- _Assigned task_
Set the records down again in full, with every word kept.
(Given data Opens)
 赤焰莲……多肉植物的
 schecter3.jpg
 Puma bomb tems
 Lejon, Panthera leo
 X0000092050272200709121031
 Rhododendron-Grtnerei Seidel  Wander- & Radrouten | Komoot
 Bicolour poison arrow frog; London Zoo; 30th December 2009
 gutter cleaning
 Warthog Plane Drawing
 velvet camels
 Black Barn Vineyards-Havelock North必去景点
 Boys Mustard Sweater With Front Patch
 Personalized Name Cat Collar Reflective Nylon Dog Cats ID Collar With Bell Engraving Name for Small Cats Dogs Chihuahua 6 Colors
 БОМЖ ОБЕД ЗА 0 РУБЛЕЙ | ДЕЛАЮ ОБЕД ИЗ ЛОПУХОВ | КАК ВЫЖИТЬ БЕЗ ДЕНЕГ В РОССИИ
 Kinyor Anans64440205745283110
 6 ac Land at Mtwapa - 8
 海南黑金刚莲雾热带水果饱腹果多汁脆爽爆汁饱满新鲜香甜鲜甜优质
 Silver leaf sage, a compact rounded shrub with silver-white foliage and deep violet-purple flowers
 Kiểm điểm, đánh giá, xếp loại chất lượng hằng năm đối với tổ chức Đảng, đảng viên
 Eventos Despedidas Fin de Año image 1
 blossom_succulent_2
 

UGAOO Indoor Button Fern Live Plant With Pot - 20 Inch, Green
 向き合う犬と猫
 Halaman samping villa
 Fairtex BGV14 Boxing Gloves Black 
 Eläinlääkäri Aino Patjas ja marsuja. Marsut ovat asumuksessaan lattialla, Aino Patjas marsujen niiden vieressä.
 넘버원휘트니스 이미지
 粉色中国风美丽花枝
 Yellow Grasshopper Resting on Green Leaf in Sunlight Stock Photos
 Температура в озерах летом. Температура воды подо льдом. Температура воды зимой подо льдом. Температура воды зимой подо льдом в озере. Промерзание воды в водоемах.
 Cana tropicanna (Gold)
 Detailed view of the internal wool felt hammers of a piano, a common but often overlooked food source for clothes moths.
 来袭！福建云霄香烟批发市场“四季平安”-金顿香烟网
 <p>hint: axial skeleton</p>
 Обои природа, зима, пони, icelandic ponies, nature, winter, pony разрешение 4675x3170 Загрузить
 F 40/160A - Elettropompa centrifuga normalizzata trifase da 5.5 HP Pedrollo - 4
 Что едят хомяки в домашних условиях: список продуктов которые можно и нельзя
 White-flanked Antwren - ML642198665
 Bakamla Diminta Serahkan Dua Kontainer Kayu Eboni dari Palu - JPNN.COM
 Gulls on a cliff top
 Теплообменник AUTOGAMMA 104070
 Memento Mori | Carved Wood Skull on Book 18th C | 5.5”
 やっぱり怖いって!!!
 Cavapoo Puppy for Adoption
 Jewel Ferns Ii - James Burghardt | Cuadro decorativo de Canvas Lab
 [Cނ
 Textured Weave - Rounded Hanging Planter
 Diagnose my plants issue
(Given data Closes)
- _Your response_
 赤焰莲……多肉植物的
 schecter3.jpg
 Puma bomb tems
 Lejon, Panthera leo
 X0000092050272200709121031
 Rhododendron-Grtnerei Seidel  Wander- & Radrouten | Komoot
 Bicolour poison arrow frog; London Zoo; 30th December 2009
 gutter cleaning
 Warthog Plane Drawing
 velvet camels
 Black Barn Vineyards-Havelock North必去景点
 Boys Mustard Sweater With Front Patch
 Personalized Name Cat Collar Reflective Nylon Dog Cats ID Collar With Bell Engraving Name for Small Cats Dogs Chihuahua 6 Colors
 БОМЖ ОБЕД ЗА 0 РУБЛЕЙ | ДЕЛАЮ ОБЕД ИЗ ЛОПУХОВ | КАК ВЫЖИТЬ БЕЗ ДЕНЕГ В РОССИИ
 Kinyor Anans64440205745283110
 6 ac Land at Mtwapa - 8
 海南黑金刚莲雾热带水果饱腹果多汁脆爽爆汁饱满新鲜香甜鲜甜优质
 Silver leaf sage, a compact rounded shrub with silver-white foliage and deep violet-purple flowers
 Kiểm điểm, đánh giá, xếp loại chất lượng hằng năm đối với tổ chức Đảng, đảng viên
 Eventos Despedidas Fin de Año image 1
 blossom_succulent_2
 

UGAOO Indoor Button Fern Live Plant With Pot - 20 Inch, Green
 向き合う犬と猫
 Halaman samping villa
 Fairtex BGV14 Boxing Gloves Black 
 Eläinlääkäri Aino Patjas ja marsuja. Marsut ovat asumuksessaan lattialla, Aino Patjas marsujen niiden vieressä.
 넘버원휘트니스 이미지
 粉色中国风美丽花枝
 Yellow Grasshopper Resting on Green Leaf in Sunlight Stock Photos
 Температура в озерах летом. Температура воды подо льдом. Температура воды зимой подо льдом. Температура воды зимой подо льдом в озере. Промерзание воды в водоемах.
 Cana tropicanna (Gold)
 Detailed view of the internal wool felt hammers of a piano, a common but often overlooked food source for clothes moths.
 来袭！福建云霄香烟批发市场“四季平安”-金顿香烟网
 <p>hint: axial skeleton</p>
 Обои природа, зима, пони, icelandic ponies, nature, winter, pony разрешение 4675x3170 Загрузить
 F 40/160A - Elettropompa centrifuga normalizzata trifase da 5.5 HP Pedrollo - 4
 Что едят хомяки в домашних условиях: список продуктов которые можно и нельзя
 White-flanked Antwren - ML642198665
 Bakamla Diminta Serahkan Dua Kontainer Kayu Eboni dari Palu - JPNN.COM
 Gulls on a cliff top
 Теплообменник AUTOGAMMA 104070
 Memento Mori | Carved Wood Skull on Book 18th C | 5.5”
 やっぱり怖いって!!!
 Cavapoo Puppy for Adoption
 Jewel Ferns Ii - James Burghardt | Cuadro decorativo de Canvas Lab
 [Cނ
 Textured Weave - Rounded Hanging Planter
 Diagnose my plants issue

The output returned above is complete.